The library is now so short-staffed that it is unable to offer any programs for Prattville community members unless they are volunteer-led.
In short, the Prattville library is barely treading water, and the Clean Up Alabama crew is denying all responsibility while working to slowly replace every actual librarian with partisan operatives.
Complaining about “fake news,” Boles refuses to talk to reputable local news outlets and is demonstrably willing to fire librarians for making even basic statements to the press. But he still popped onto a conservative radio show to blame Foster for pulling LGBTQ+ books off of the shelf, which Boles had specifically asked Foster to do in an email.
And unfortunately for Alabama’s children and library patrons of all stripes, unless something shocking happens, Prattville is about to be the statewide model. In a March op-ed published by 1819 News, an outlet with a history of anti-LGBTQ+ writing, Herring crowed about how Clean Up Alabama’s mission has now been adopted by Gov. Kay Ivey.
In February, Ivey appointed Amy Minton to the Alabama Public Library Service, the state agency that oversees the distribution of state funds to local libraries. Minton then proposed changes to the APLS code that almost exactly mirror the recent changes to the Prattville library’s policies.
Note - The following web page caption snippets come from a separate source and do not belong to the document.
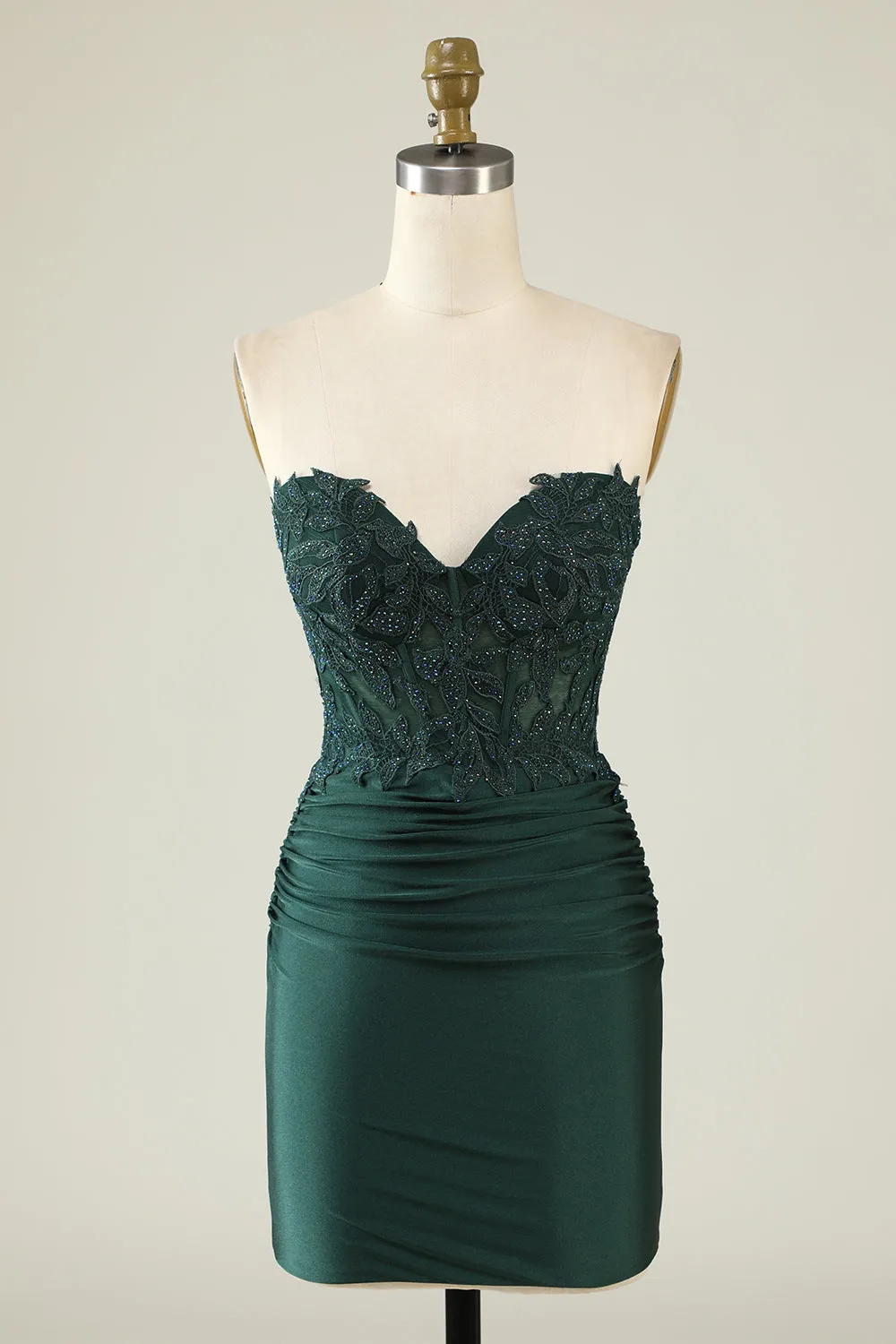 Dark Green Bodycon Strapless Applique Short Homecoming Dress with Beading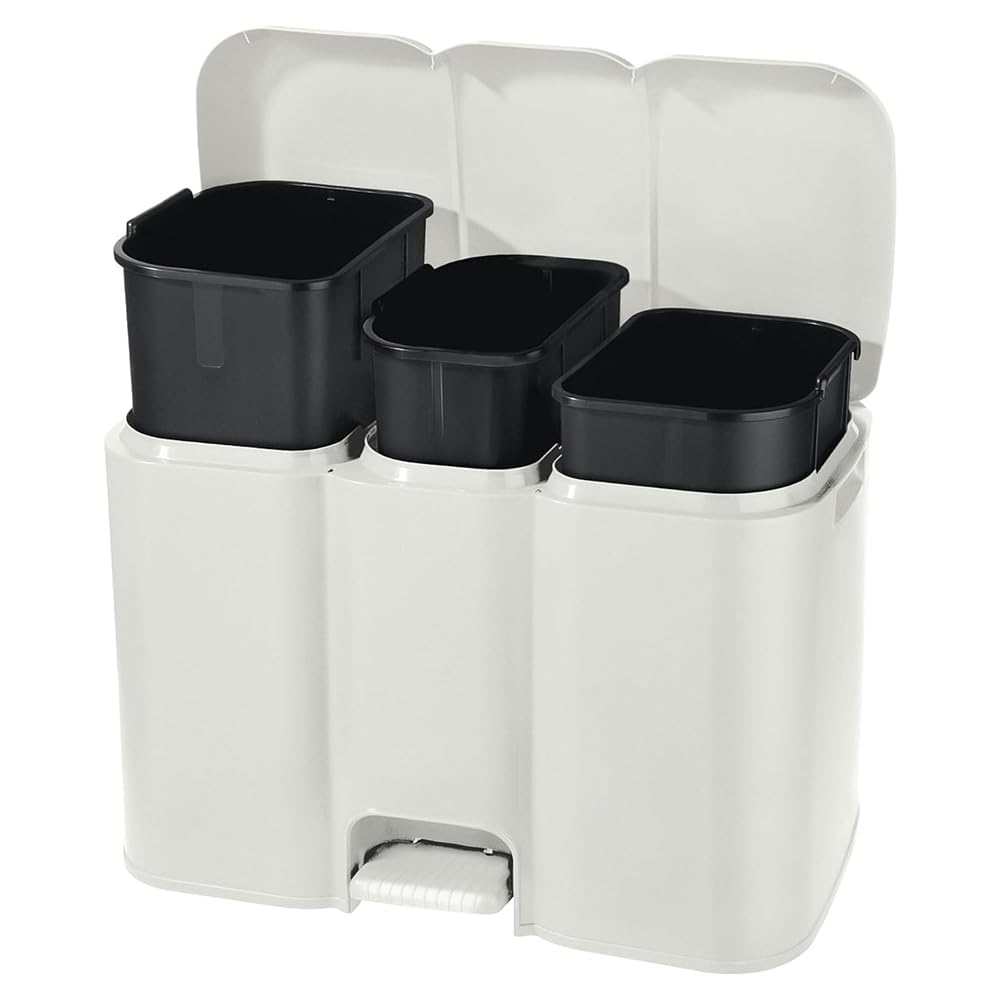 Buystar Mülleimer für Mülltrennung, weiss, 13 + 8 + 13 Liter, einzigartige Struktur mit Pedal und he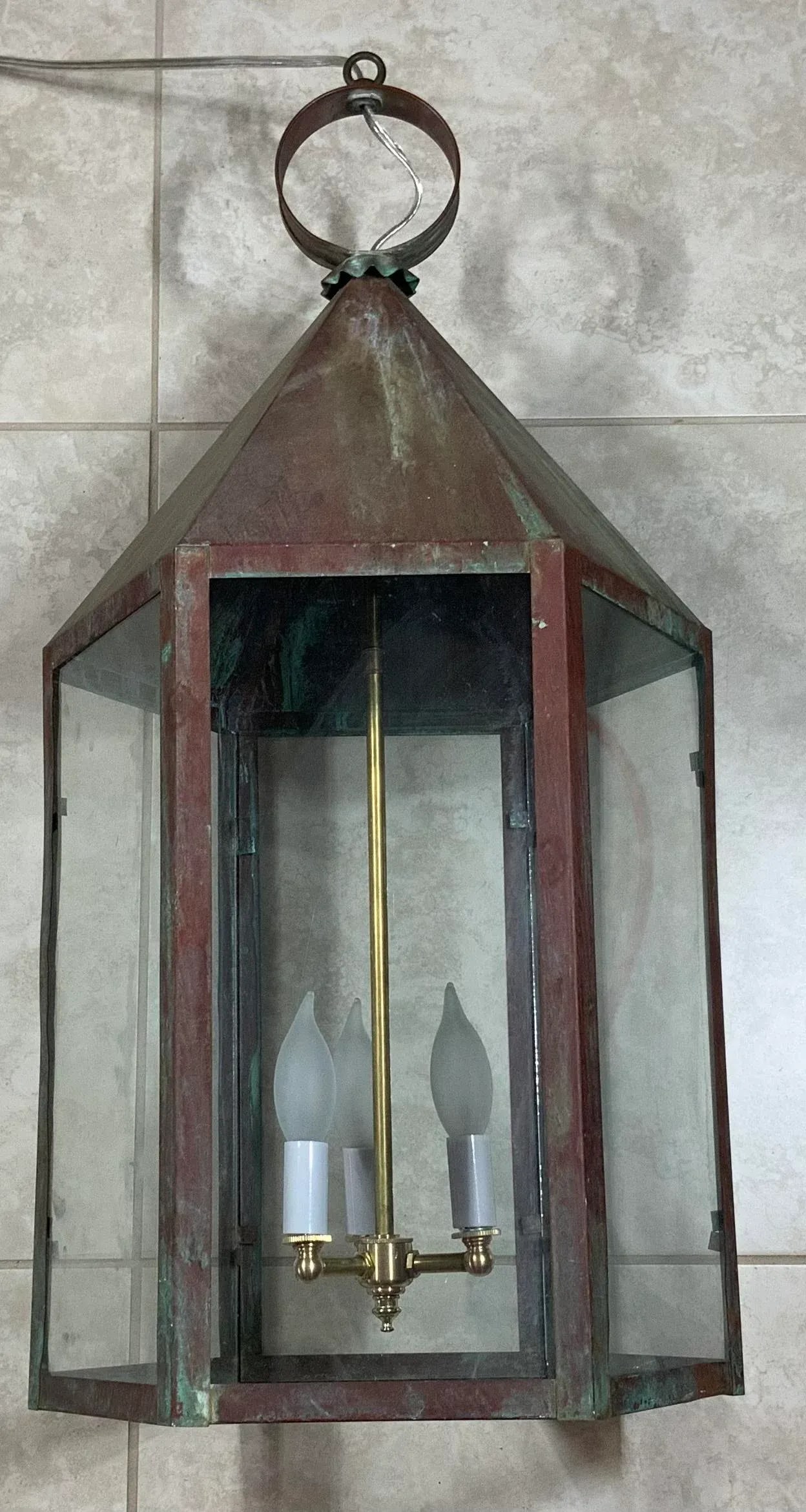Large Hexagon Copper Lantern - 10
On April 9, the House Ways and Means Education Committee approved a budget for the APLS that would reduce its funding by $750,000, or 18% of the APLS’ operating budget. If signed into law, the budget will also require that libraries obey Minton’s proposed changes in order to receive any state funds.
On April 4, as the outgoing chair of the UA Leftist Collective, I had the pleasure of helping co-host a local “Save Our Libraries” letter-writing event with the Birmingham Democratic Socialists of America. Attendees wrote dozens of letters to the APLS arguing against the proposed rules change.
In my letter, I wrote about how I learned firsthand just how important local libraries are back in my hometown of Virginia Beach.
I began volunteering with the Kempsville Library’s Teen Advisory Group pretty much the second I became a teen, mostly helping out with the weekly Teen Time events. The events ranged from anime nights to cooking competitions and board game get-togethers.
What Teen Time actually meant was that kids from across the Kempsville area had a regular opportunity to get together and socialize without worrying about socioeconomic status, bullying or people who wouldn’t accept their identity.
Libraries are more than just repositories for books. They are essential public spaces in a society with increasingly few of those.
As is made abundantly clear by the Prattville library’s recent travails, the homophobia and transphobia of Clean Up Alabama and its allies are threatening not just children’s ability to access age-appropriate content with LGBTQ+ themes and content, but the basic ability of public libraries to function.
If you want Alabama children to be able to read at the library and if you want vibrant local public spaces to still exist in a decade’s time, you need to speak out against Ivey and Clean Up Alabama’s takeover of the APLS. The public comment period ends April 30, and there are instructions for how to write a letter to the APLS here.
Don’t let the fox guard the henhouse. Save our libraries.